The lead role in Doctor Who was offered to a black actor who turned it down, one of the BBC One show’s writers has said.
Fantasy writer Neil Gaiman – who has scripted editions of the programme – said he still hoped a non-white star would take the role one day.
He made the revelation on his blog shortly after Peter Capaldi was announced as the next regeneration of the Time Lord, but said it felt like a ‘missed opportunity’.
“Would I like a person of colour as the Doctor? Absolutely,” he said, and went on: “I have no doubt there will be. I know one black actor who was already offered the part of the Doctor, and who turned it down.”

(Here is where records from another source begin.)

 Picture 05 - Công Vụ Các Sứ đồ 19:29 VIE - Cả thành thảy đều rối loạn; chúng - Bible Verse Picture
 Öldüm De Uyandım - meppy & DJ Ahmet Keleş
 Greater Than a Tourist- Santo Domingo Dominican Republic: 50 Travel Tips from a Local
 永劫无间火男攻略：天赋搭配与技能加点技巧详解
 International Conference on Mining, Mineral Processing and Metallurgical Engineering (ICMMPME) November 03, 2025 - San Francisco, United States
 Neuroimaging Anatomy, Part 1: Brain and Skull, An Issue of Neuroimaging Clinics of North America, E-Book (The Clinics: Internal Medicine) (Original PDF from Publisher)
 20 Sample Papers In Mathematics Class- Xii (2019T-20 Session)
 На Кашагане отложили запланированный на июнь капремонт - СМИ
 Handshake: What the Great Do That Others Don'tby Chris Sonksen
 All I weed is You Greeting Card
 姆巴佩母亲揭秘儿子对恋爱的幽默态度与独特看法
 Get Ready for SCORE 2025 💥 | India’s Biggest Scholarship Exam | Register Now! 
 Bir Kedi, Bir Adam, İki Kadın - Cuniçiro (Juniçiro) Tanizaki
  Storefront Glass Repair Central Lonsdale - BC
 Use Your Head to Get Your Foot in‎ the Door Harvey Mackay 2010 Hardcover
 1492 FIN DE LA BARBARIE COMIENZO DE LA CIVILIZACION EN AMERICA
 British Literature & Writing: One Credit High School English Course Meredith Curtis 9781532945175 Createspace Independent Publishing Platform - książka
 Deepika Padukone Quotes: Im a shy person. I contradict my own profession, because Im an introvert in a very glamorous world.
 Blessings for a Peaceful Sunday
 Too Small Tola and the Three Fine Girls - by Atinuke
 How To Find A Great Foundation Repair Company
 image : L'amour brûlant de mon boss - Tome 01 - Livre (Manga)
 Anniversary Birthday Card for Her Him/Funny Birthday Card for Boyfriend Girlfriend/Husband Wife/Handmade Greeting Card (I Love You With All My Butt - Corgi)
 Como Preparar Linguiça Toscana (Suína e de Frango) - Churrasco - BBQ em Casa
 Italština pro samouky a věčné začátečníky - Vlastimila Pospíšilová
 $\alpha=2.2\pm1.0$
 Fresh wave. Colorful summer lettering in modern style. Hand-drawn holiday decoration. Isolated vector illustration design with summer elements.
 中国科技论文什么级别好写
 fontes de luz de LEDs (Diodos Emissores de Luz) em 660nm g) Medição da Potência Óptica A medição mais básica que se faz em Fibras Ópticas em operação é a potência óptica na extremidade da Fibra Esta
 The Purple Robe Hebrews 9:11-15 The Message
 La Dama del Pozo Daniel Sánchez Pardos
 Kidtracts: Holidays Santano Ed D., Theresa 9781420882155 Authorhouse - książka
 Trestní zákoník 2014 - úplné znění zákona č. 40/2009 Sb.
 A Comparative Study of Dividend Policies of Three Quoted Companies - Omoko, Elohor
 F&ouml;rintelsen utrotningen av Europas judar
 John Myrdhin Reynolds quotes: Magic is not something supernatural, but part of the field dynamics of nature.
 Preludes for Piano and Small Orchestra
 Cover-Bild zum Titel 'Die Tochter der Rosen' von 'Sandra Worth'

Gaiman did not make it clear whether it was for the latest round of casting or during a previous search, such as when Matt Smith won the role as the 11th Doctor. Doctor Who’s executive producer Steven Moffatt suggested he only ever had Capaldi in mind.
“Yes. The list went ‘Peter Capaldi’ – it was a very short list,” Moffatt said when the new Doctor was announced at the weekend.
Gaiman said the part should go to the most suitable actor regardless of skin colour.
“Paterson Joseph was the Marquis de Carabas in Neverwhere, because he aced the auditions, and beat all the other actors, mostly white, who tried out for the role. I’d want that kind of performance at the audition for the Doctor. And there are certainly actors good enough out there that it feels like a missed opportunity.”
He added: “I was rather disappointed that Paterson Joseph didn’t get it last time, although I’ve loved Matt’s 11.”